Everything has been made so much smoother that you can’t tell how old the game really is (btw, it’s 11-years old). You can basically play Mass Effect 2 like a shooter launched in the last couple of years thanks to the 4K textures and polished combat system.
Unlike the first Mass Effect game, this one isn’t that straightforward in the fact that it allows you to choose what mission to approach first. While the enemy remains the same, in Mass Effect 2 you’ll be forming your team across a variety of recruit missions where you get to meet the characters that will stay with you until the end. If you want to deep-dive into the lives of these characters and learn more about them, you’ll have the option to do some additional missions to make the members of your team more loyal to the cause.
Everything that happens in Mass Effect 2 culminates with the so-called “Suicide Mission” where all the characters recruited by Shepard will sacrifice themselves to see the mission through or live to celebrate the victory. It’s probably the best mission in the trilogy, not just because of the exhilarating pacing and the sense of urgency, but mostly because of the way BioWare constructed the trilogy. You see, when you finish a Mass Effect game, you carry over (if you want) your save file, which contains all the major decisions that you took. This means that whatever character dies at the end of Mass Effect 2 will no longer appear in Mass Effect 3.
Mass Effect 2 is more about the characters that Shepard recruits for the cause and less about the hero who wants to save the galaxy. What makes the game even more interesting is that each character is of a different race and culture, so it’s not just individuals that you’re basically recruiting, but entire species to help save the world.
Last but not least, Mass Effect 3 is considered the big finale of Shepard’s saga. As we all know, there’s also a Mass Effect 4 (aka Mass Effect: Andromeda), but it features a different protagonist and it’s considered a standalone sequel.

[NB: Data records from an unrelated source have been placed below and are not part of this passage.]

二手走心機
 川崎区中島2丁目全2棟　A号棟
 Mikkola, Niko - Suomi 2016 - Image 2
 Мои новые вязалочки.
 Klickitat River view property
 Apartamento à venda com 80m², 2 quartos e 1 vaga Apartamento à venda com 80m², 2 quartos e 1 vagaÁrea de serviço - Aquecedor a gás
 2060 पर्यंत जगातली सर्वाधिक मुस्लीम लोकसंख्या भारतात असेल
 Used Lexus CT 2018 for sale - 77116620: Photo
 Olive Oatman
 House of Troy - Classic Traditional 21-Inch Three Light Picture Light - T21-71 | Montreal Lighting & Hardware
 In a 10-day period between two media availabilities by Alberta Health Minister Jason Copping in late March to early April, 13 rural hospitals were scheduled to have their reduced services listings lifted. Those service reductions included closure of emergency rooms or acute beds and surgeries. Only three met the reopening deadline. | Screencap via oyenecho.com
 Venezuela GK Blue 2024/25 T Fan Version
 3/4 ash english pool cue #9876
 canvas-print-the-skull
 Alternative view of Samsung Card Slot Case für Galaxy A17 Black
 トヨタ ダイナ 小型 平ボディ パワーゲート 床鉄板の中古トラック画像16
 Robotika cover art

Anyway, from the moment you start Mass Effect 3, it feels like everything you’ve done in the first two games was almost pointless. The archenemy is here and it’s destroying everything and everyone, so it’s up to you, Shepard, to unite the most powerful races and try to prevent advanced intelligent life from disappearing.
The entire game is about getting enough resources to fight the strange hybrid race called Reapers, so you’ll be flying all over the galaxy(ies) searching for new ways to delay the inevitable. It’s a different approach from the other two games and while Mass Effect 3 is considered the weakest of the three, I believe that’s entirely due to the ending.
Mass Effect 3 has multiple endings, so depending on how you perform throughout the campaign and the decisions you take, you’ll get a different ending. What makes Mass Effect Legendary Edition great is that it seamlessly incorporates all the DLC that were released after the games. In this case, the Citadel DLC sheds more light on what happens with Shepard after the ending of Mass Effect 3, and that’s what BioWare should have included in the original game from the beginning.
- Outstanding sci-fi story
- Major visual and gameplay improvements
- Very convenient to have all three games in a bundle
- Saves carry over between games
- Mass Effect 1 remains janky
- Multiplayer completely removed
The entire trilogy sends players throughout this amazing sci-fi universe that feels alive and vibrant everywhere you look. Perhaps these games should have been remastered separately to get the attention they deserve, but having the entire trilogy in a single bundle that’s perfectly playable nearly 15 years after the release of the first game is surely convenient.